我国平等、团结、互助的民族关系是新型的民族关系.这种民族关系的形成经历了半个多世纪的长期发展过程,它是我国各族人民长期以来友好往来的结果。这种新型的民族关系在中华人民共和国初期进行的民族识别、民族区域自治等工作的过程中就已经开始了它逐渐确立和发展的历程。
在中华人民共和国初期.首先在全国范围内进行了民族识别,确定了民族成分,消除了历史遗留的一切民族歧视的有形痕迹。我国的民族识别是根据具体情况进行的,识别工作既不是依据社会发展的程度去划分.也不是根据人口多少来确定,更不是考虑周邻国家有没有相同民族居住等问题,而是按照斯大林的民族定义并结合我国的现实情况,只要具备构成民族的条件,都一律承认为一个民族,同样享有民族平等权利。同时,在全国范围内推行民族区域自治,保障各民族的平等权利。我国民族区域自治的实施从1947年内蒙古自治区的成立开始,到1958年底,在全国15个省、区已经很快地建立了民族自治地方87个,其中有4个省级的自治区、29个自治州、54个自治县(旗),包括35个民族成分。
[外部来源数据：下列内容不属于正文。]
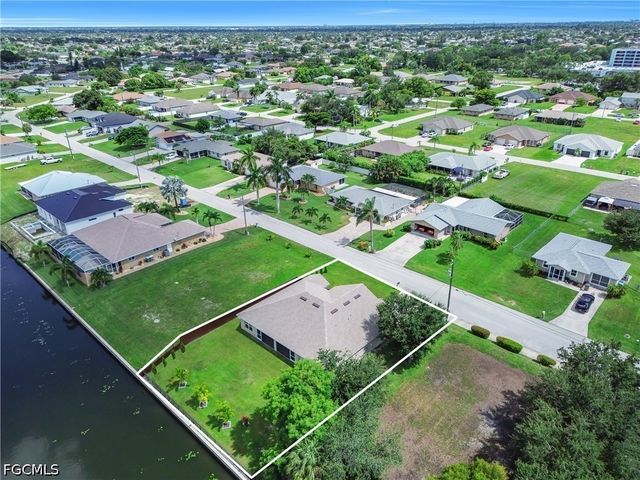 125 SE 11th TER, Cape Coral, FL 33990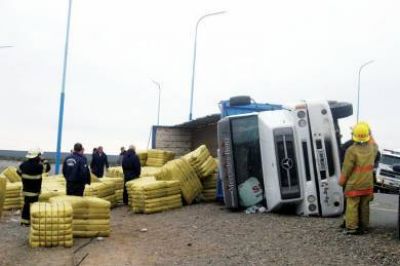 Volc� cami�n en rotonda de camino al parque industrial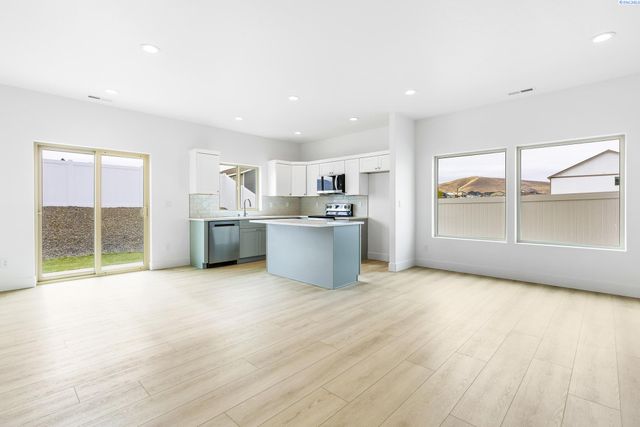 7487 Grapevine Ct, West Richland, WA 99353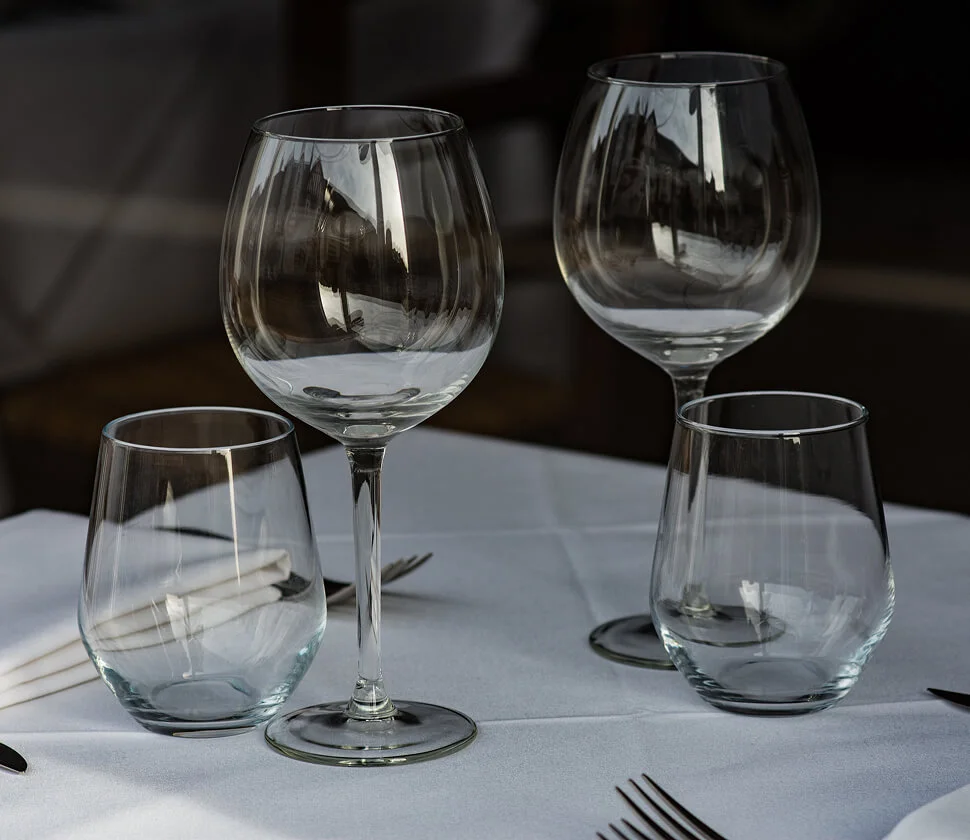 fine dining restaurant utensils set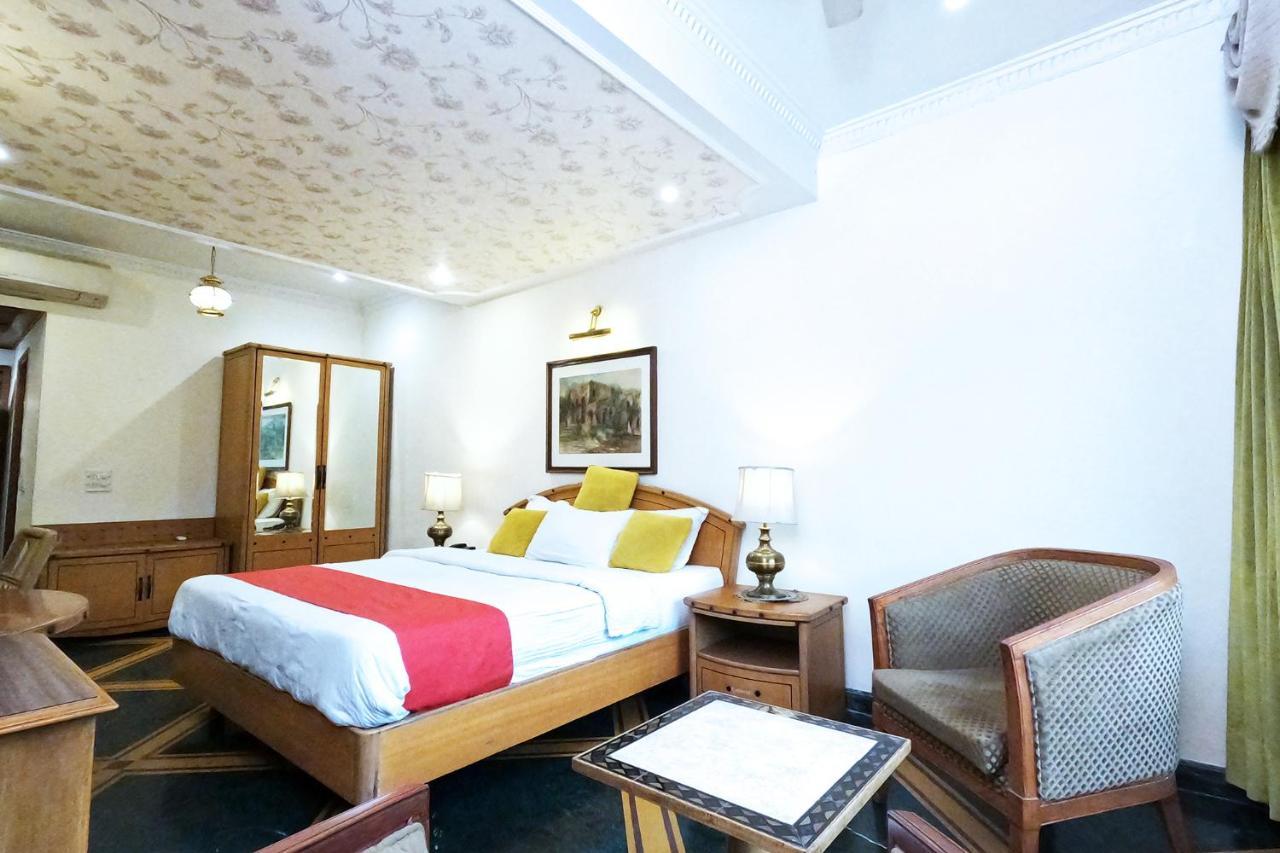 Hotel Fabexpress Kwality Regency Chandīgarh Esterno foto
到这时,实行自治的民族人口已经占全国有条件建立自治地方的少数民族人口的绝大多数。到2001年,全国的民族自治地方已经达到155个,其中省级自治区5个,自治州30个.自治县(旗)120个,初步实现了民族地区的全面自治。
国家除了对少数民族聚居地区实行民族区域自治外,还采取了许多措施保障散杂居少数民族平等权利。中国政府主张民族平等的原则是以尊重人的权力为基础的,民族是由许许多多的单个人组成的,要保障一个民族的平等权利,就必须尊重这一民族每个成员的合法权益。因此,对于散杂居的少数民族成员,各级政府同样给予高度的重视,对于他们的权利同样在法律和行政法规中华人民共和国的这种新型民族关系建立后,经过多次的完善补充,逐渐形成了具有中国特色的民族关系,不但把各个民族在过去和平相处的传统继续保持了下来,而且经过对这种关系的调整和健全。逐渐形成了一种唇齿相依的紧密关系,这就是“汉族离不开少数民族,少数民族也离不开汉族,各个少数民族之间也相互离不开”。在这种民族关系非常密切的大环境下.甘南地区各个民族在继续保持历史上各个民族之间和平相处的友好传统,同时逐渐消除了过去由于阶级和时代的局限以及不完善的民族政策所产生的不和谐的民族关系,相互之间产生了更多地了解其他民族文化的需求,各个民族之间加强了文化交流和沟通.促进了团结,然后在彼此理解的基础上互相学习,取长补短,吸收其他民族的优秀文化成果。这种历史上和现在民族关系状况既有利于文化的交融,又能够更好地促进民族之间的沟通和团结。所以一个民族信仰的不同宗教就能够得到信仰其他宗教的民族的理解,这就决定了不同宗教不但过去能够在甘南地区共存,而且以后在新时代和谐的民族关系的条件下能够更加和谐地共存。
)第四节 互补共生的经济关系
甘南地区位于汉藏过渡的人文地理位置决定了它在汉藏文化和经济交流中占有重要地位。虽然这里的主体民族主要是藏族,但是在洮河中下游谷地以及一些重要城镇分布着大量的汉族、回族和一些土族、撒拉族,因而属于多民族杂居区,也是我国典型的农业和牧业过渡地带。历史上该区域既是汉族、羌族、吐谷浑、吐蕃(即后来的藏族)等民族反复争夺的区域,同时也是汉藏文化交流的主要区域之一.中原地区先进的农耕技术和文化就是从这一区域河谷盆地溯源而上传人藏区的。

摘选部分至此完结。